[[ Stored data, beginning ]]
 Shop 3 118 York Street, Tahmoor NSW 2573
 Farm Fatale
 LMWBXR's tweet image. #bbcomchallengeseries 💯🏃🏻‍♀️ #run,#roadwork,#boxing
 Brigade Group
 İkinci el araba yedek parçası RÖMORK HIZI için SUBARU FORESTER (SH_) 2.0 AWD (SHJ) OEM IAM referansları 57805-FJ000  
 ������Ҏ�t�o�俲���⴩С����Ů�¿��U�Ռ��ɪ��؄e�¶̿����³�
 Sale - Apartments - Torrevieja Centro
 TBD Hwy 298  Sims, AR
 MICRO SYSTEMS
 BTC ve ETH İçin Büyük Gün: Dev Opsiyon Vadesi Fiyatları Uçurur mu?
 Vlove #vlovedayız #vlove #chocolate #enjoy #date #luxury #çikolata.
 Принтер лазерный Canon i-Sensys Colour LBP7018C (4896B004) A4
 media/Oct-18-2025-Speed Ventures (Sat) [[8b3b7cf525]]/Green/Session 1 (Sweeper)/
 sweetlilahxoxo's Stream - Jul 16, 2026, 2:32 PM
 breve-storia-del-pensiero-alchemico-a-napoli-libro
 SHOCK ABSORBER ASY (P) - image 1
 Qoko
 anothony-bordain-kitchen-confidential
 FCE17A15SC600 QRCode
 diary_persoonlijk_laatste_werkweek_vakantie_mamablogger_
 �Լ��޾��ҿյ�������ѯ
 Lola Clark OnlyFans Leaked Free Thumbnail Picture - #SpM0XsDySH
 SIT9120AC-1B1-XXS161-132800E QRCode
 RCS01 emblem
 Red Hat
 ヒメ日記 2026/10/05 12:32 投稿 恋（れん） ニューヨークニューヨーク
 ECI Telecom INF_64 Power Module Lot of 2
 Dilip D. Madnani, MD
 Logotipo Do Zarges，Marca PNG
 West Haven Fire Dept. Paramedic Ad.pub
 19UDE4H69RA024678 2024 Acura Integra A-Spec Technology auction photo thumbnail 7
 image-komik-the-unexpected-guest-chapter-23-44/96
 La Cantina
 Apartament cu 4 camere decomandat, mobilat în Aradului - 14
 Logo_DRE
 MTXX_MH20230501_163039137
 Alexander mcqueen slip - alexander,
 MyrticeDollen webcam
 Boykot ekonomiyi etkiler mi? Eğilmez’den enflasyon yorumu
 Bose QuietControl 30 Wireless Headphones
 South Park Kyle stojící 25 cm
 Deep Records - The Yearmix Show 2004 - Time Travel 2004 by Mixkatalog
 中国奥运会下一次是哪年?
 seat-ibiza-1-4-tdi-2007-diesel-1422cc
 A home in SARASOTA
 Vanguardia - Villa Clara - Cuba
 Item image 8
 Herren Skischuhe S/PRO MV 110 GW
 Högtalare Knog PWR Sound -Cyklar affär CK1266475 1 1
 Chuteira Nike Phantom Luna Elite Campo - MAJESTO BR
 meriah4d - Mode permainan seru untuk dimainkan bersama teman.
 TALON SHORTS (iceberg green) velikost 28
[[ Stored data, end ]]
> **About this task**:
Give back the entries exactly, so that each line matches the original.

> **Answer box**:
 Shop 3 118 York Street, Tahmoor NSW 2573
 Farm Fatale
 LMWBXR's tweet image. #bbcomchallengeseries 💯🏃🏻‍♀️ #run,#roadwork,#boxing
 Brigade Group
 İkinci el araba yedek parçası RÖMORK HIZI için SUBARU FORESTER (SH_) 2.0 AWD (SHJ) OEM IAM referansları 57805-FJ000  
 ������Ҏ�t�o�俲���⴩С����Ů�¿��U�Ռ��ɪ��؄e�¶̿����³�
 Sale - Apartments - Torrevieja Centro
 TBD Hwy 298  Sims, AR
 MICRO SYSTEMS
 BTC ve ETH İçin Büyük Gün: Dev Opsiyon Vadesi Fiyatları Uçurur mu?
 Vlove #vlovedayız #vlove #chocolate #enjoy #date #luxury #çikolata.
 Принтер лазерный Canon i-Sensys Colour LBP7018C (4896B004) A4
 media/Oct-18-2025-Speed Ventures (Sat) [[8b3b7cf525]]/Green/Session 1 (Sweeper)/
 sweetlilahxoxo's Stream - Jul 16, 2026, 2:32 PM
 breve-storia-del-pensiero-alchemico-a-napoli-libro
 SHOCK ABSORBER ASY (P) - image 1
 Qoko
 anothony-bordain-kitchen-confidential
 FCE17A15SC600 QRCode
 diary_persoonlijk_laatste_werkweek_vakantie_mamablogger_
 �Լ��޾��ҿյ�������ѯ
 Lola Clark OnlyFans Leaked Free Thumbnail Picture - #SpM0XsDySH
 SIT9120AC-1B1-XXS161-132800E QRCode
 RCS01 emblem
 Red Hat
 ヒメ日記 2026/10/05 12:32 投稿 恋（れん） ニューヨークニューヨーク
 ECI Telecom INF_64 Power Module Lot of 2
 Dilip D. Madnani, MD
 Logotipo Do Zarges，Marca PNG
 West Haven Fire Dept. Paramedic Ad.pub
 19UDE4H69RA024678 2024 Acura Integra A-Spec Technology auction photo thumbnail 7
 image-komik-the-unexpected-guest-chapter-23-44/96
 La Cantina
 Apartament cu 4 camere decomandat, mobilat în Aradului - 14
 Logo_DRE
 MTXX_MH20230501_163039137
 Alexander mcqueen slip - alexander,
 MyrticeDollen webcam
 Boykot ekonomiyi etkiler mi? Eğilmez’den enflasyon yorumu
 Bose QuietControl 30 Wireless Headphones
 South Park Kyle stojící 25 cm
 Deep Records - The Yearmix Show 2004 - Time Travel 2004 by Mixkatalog
 中国奥运会下一次是哪年?
 seat-ibiza-1-4-tdi-2007-diesel-1422cc
 A home in SARASOTA
 Vanguardia - Villa Clara - Cuba
 Item image 8
 Herren Skischuhe S/PRO MV 110 GW
 Högtalare Knog PWR Sound -Cyklar affär CK1266475 1 1
 Chuteira Nike Phantom Luna Elite Campo - MAJESTO BR
 meriah4d - Mode permainan seru untuk dimainkan bersama teman.
 TALON SHORTS (iceberg green) velikost 28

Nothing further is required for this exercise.